Start of DATA EXTRACTS

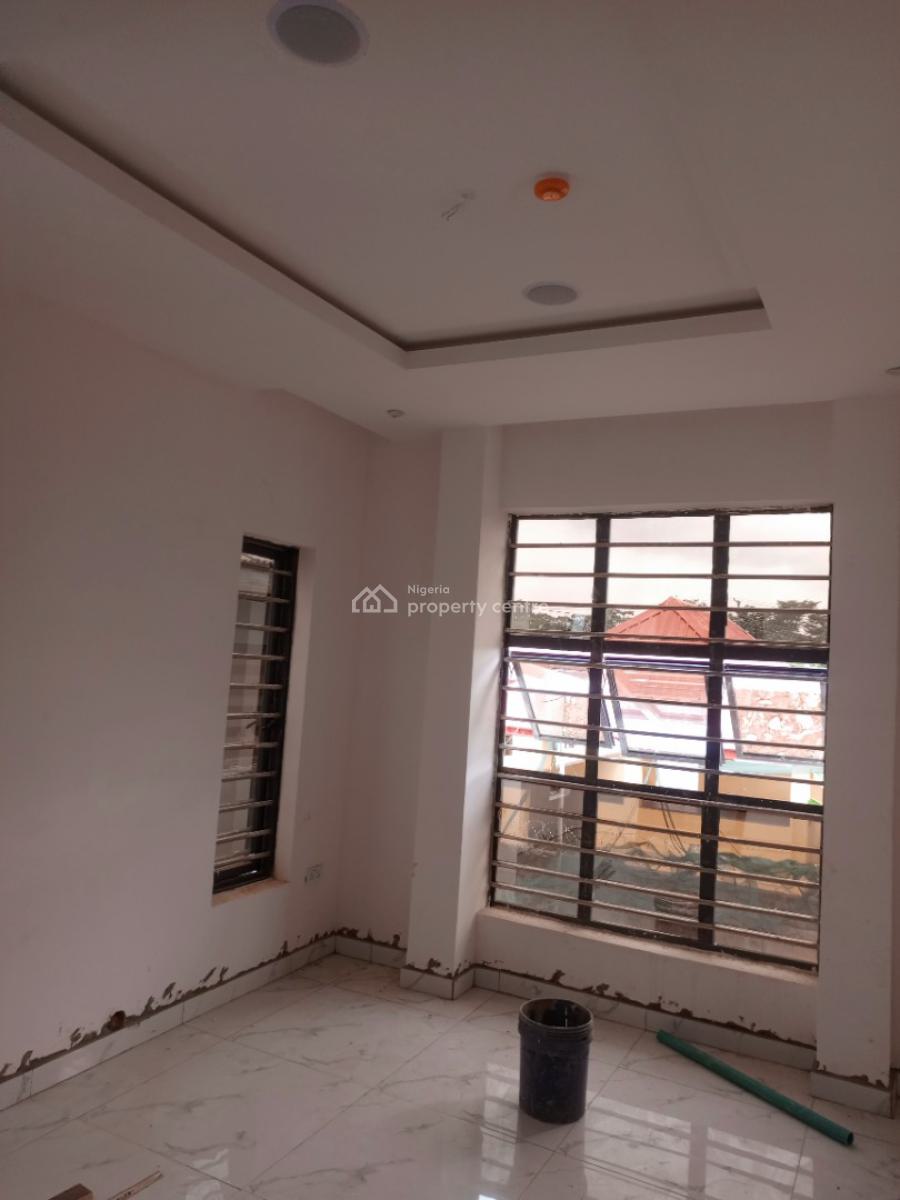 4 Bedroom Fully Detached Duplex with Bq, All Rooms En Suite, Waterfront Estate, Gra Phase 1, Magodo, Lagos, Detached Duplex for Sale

End of DATA EXTRACTS
Start of DATA EXTRACTS

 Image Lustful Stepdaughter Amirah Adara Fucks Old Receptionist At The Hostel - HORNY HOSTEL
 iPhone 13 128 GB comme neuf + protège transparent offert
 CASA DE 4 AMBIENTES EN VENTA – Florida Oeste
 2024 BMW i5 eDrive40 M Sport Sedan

End of DATA EXTRACTS
Start of DATA EXTRACTS

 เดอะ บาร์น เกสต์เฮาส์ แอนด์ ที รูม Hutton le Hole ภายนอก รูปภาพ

End of DATA EXTRACTS

WHAT YOU ARE ASKED TO DO | Each line in the listing above from the one containing "iPhone 13 128" through the one containing "2024 BMW i5 eDrive40 M Sport Sedan" should be repeated exactly, and no other line.

WRITTEN REPLY |
 iPhone 13 128 GB comme neuf + protège transparent offert
 CASA DE 4 AMBIENTES EN VENTA – Florida Oeste
 2024 BMW i5 eDrive40 M Sport Sedan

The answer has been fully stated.